The book of 4 Maccabees is a homily or philosophic discourse praising the supremacy of pious reason over passion. It is not in the Bible for most churches, but is an appendix to the Greek Bible, and in the canon of the Georgian Orthodox Bible. It was included in the 1688 Romanian Orthodox and the 18th-century Romanian Catholic Bibles where it was called "Iosip" (Joseph). It is no longer printed in Romanian Bibles today.
The work consists of a prologue and two main sections; the first advances the philosophical thesis while the second illustrates the points made using examples drawn from 2 Maccabees (principally, the martyrdom of Eleazer and the Maccabeean youths) under Antiochus IV Epiphanes. The last chapters concern the author's impressions drawn from these martyrdoms. The work thus appears to be an independent composition to 1 Maccabees and 2 Maccabees, merely drawing on their descriptions to support its thesis. It was composed originally in the Greek language, in what Stephen Westerholm of the Eastern / Greek Orthodox Bible calls "very fluently... and in a highly rhetorical and affected Greek style."

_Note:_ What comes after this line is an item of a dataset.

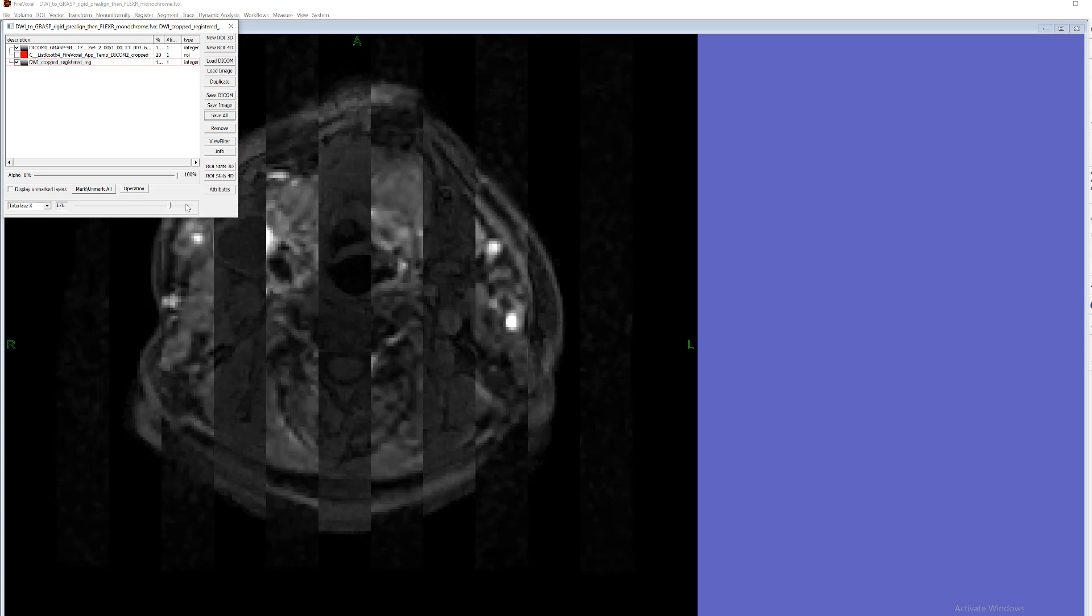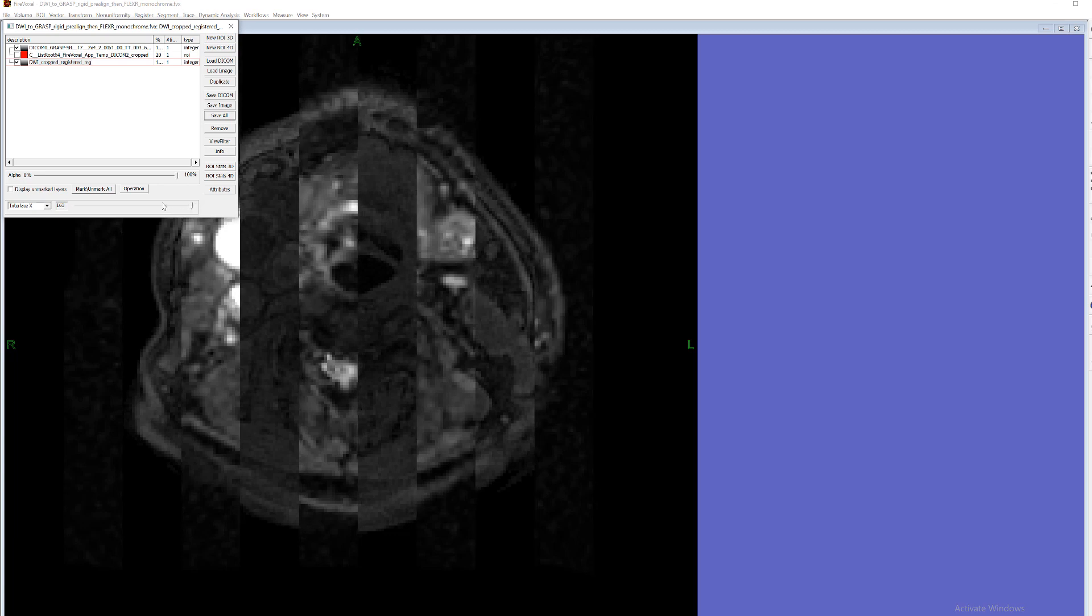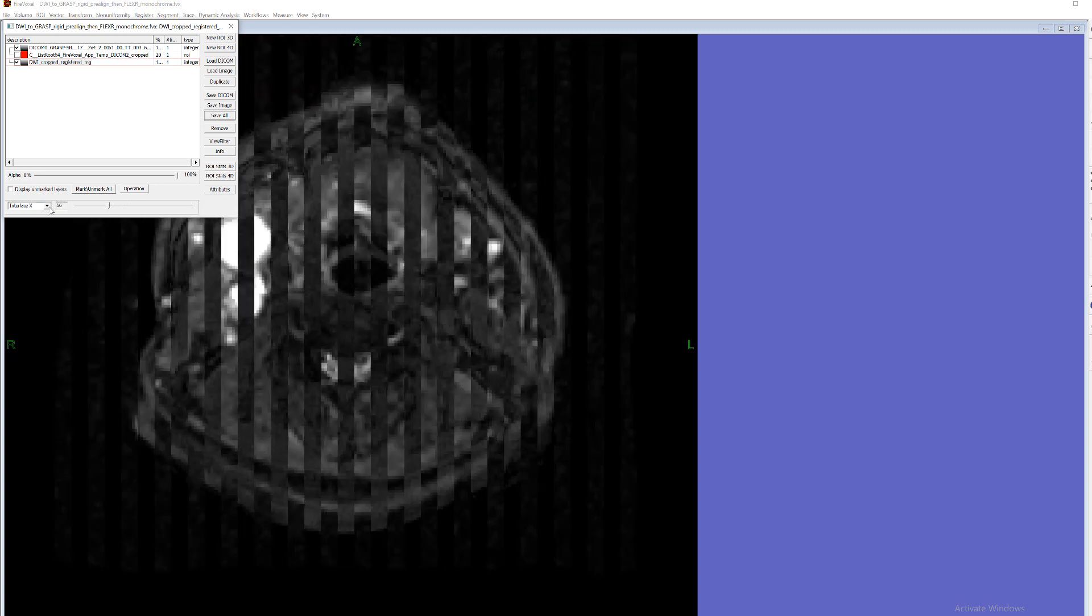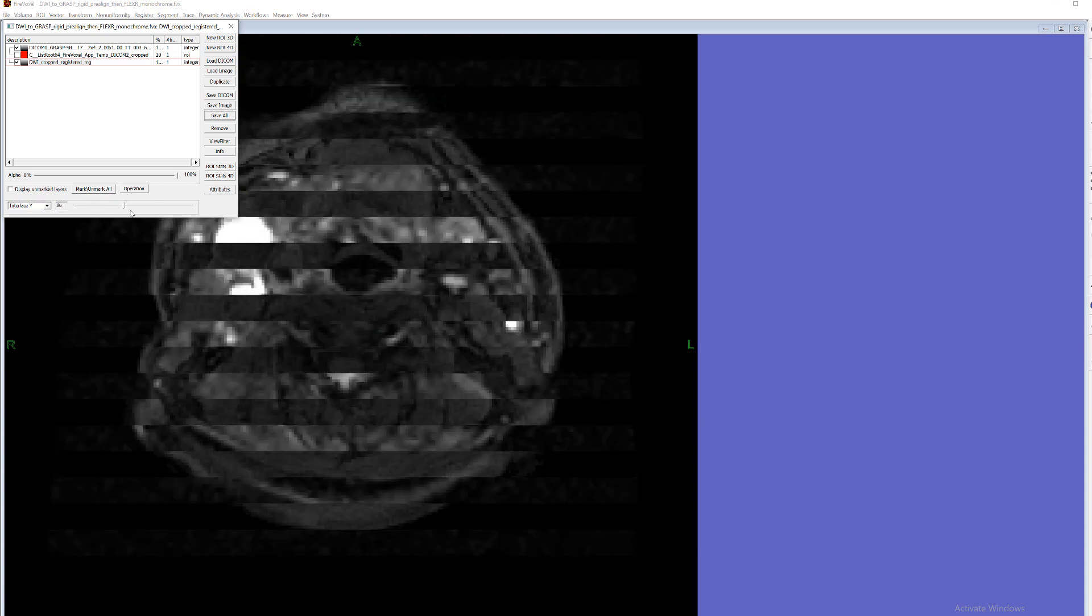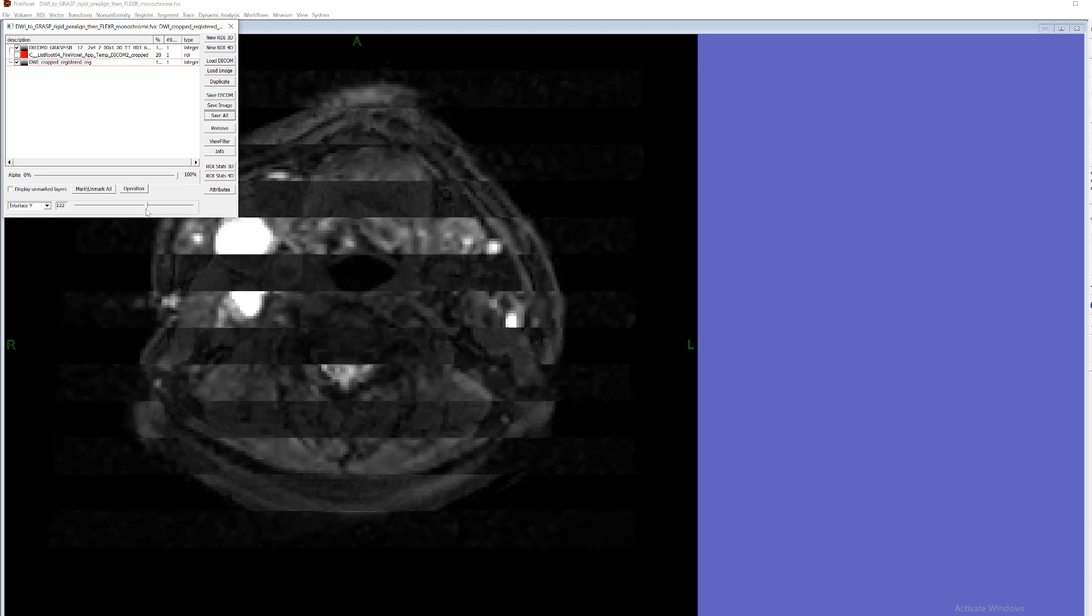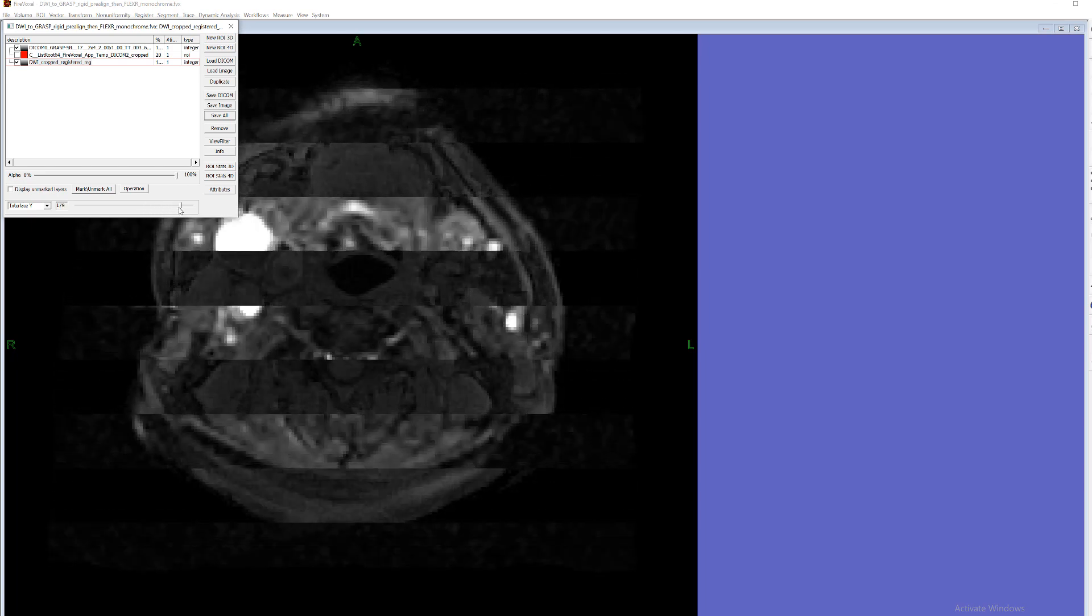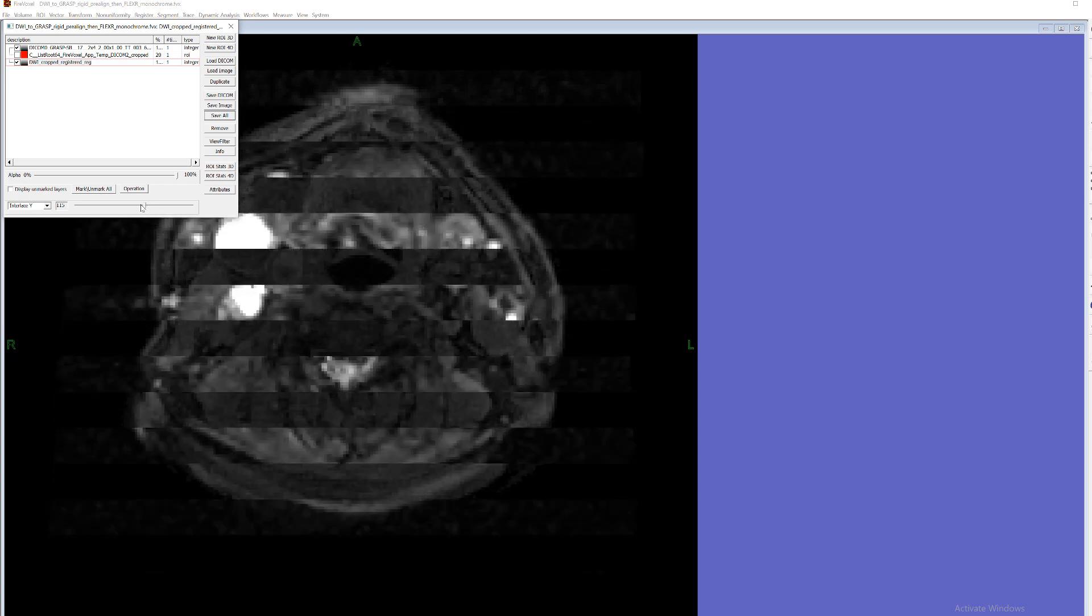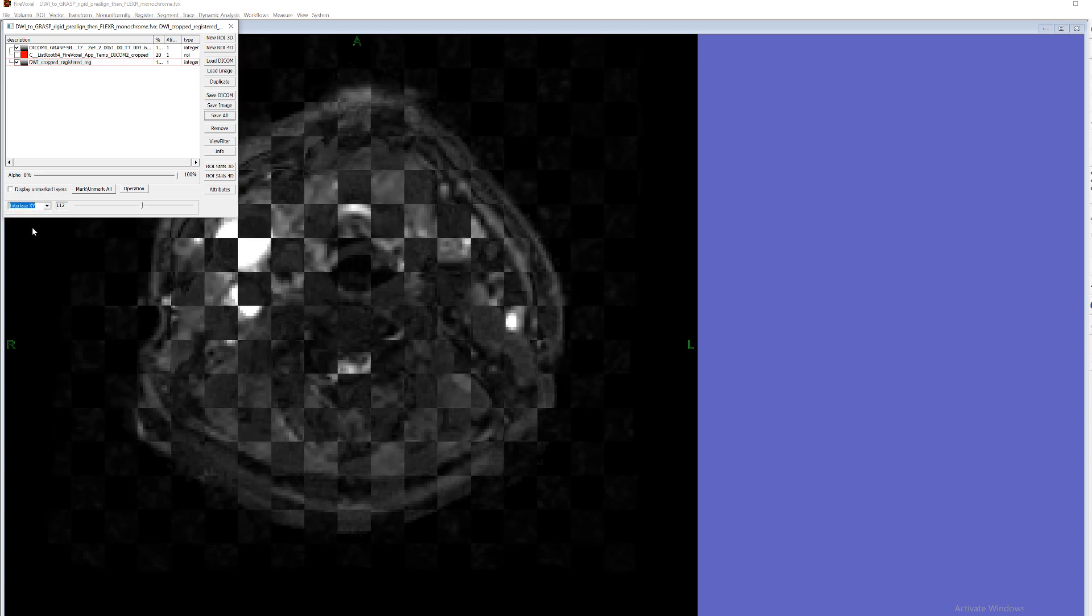Also there is Y interlacing. And there is X,Y interlacing when there is a checkerboard pattern.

According to some scholars, the last chapter shows signs of later addition to the work, though this was disputed by the 19th century authors of the Jewish Encyclopedia. The dispute is based on the weak ending the book would have without the "added" chapter, as well as arguments based on style. The change of direction with chapter 17 supports the view of the work as a homily held before a Greek-speaking audience on the feast of Hanukkah, as advanced by Ewald and Freudenthal, where this would be a rhetorical element to draw the listeners into the discourse. Others hold that a homily would have to be based on scriptural texts, which this work is only loosely.
In style, the book is oratorical, but not so much as 3 Maccabees. What can be interpreted as Stoic philosophy is cited by the author, though there is little original philosophical insight in the text. Although its Hellenistic Jewish nature assumes an origin in Alexandria, its interest in martyrs in Antioch and its similarity to writings in modern Turkey point to an origin in the northeast Mediterranean. Regarded as Jewish literature, it is cited[by whom?] as the best example of syncretism between Jewish and Hellenistic thought.
The book is ascribed to Josephus by Eusebius and Jerome, and this opinion was accepted for many years, leading to its inclusion in many editions of Josephus' works. Scholars have however pointed to perceived differences of language and style. The book is generally dated between 20 and 130 CE, likely in the later half of that range.
The writer believes in the immortality of the soul, but never mentions the resurrection of the dead. Good souls are said to live forever in happiness with the patriarchs and God, but even the evil souls are held to be immortal. The suffering and martyrdom of the Maccabees is seen by the author to be vicarious for the Jewish nation, and the author portrays martyrdom in general as bringing atonement for the past sins of the Jews.